# Problem requirements
Below are some records. Retype exactly the lines from the one containing "Petit Ami Pink" through the one containing "Used 2021 Kia Seltos EX image 44", both included, skipping every picture.

# The records
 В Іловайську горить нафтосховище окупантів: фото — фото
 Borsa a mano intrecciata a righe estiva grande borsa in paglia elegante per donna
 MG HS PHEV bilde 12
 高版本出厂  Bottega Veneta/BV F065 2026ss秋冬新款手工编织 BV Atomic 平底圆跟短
---
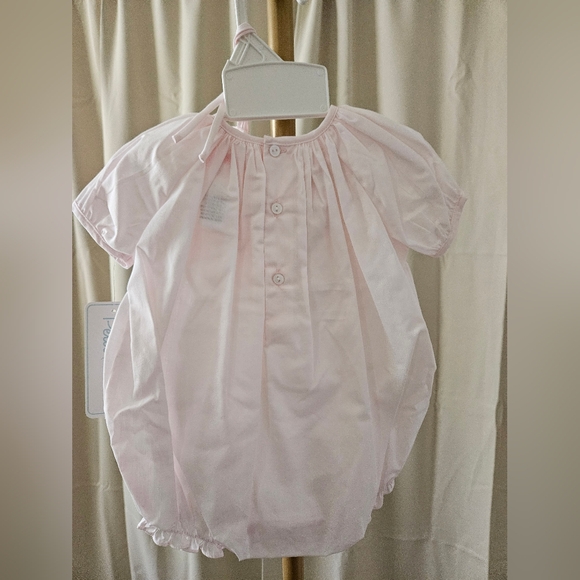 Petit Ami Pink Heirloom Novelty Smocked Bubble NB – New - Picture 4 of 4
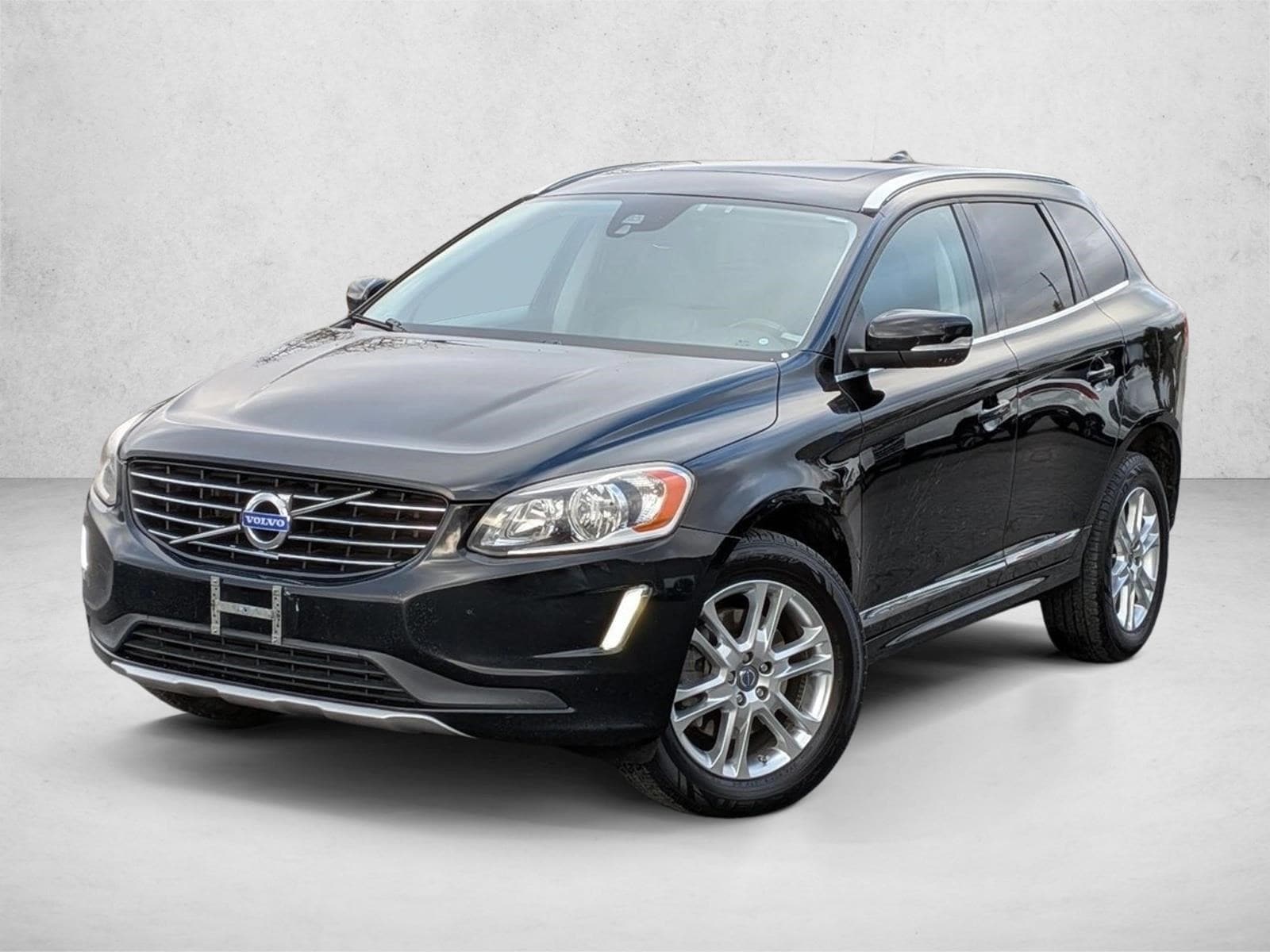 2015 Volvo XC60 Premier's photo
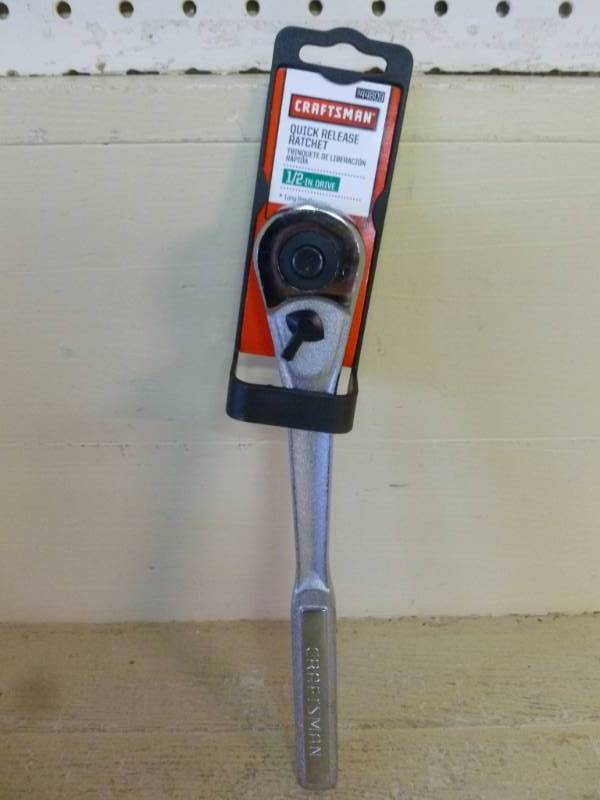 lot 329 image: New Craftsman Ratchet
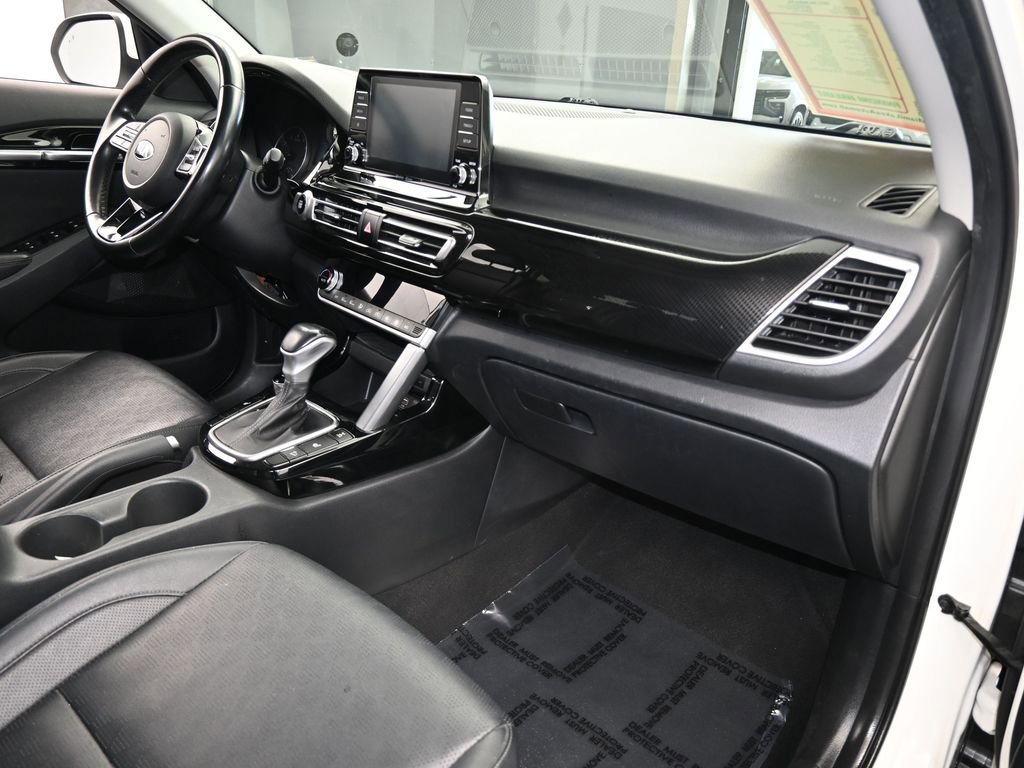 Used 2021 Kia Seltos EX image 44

# Response to this task
 Petit Ami Pink Heirloom Novelty Smocked Bubble NB – New - Picture 4 of 4
 2015 Volvo XC60 Premier's photo
 lot 329 image: New Craftsman Ratchet
 Used 2021 Kia Seltos EX image 44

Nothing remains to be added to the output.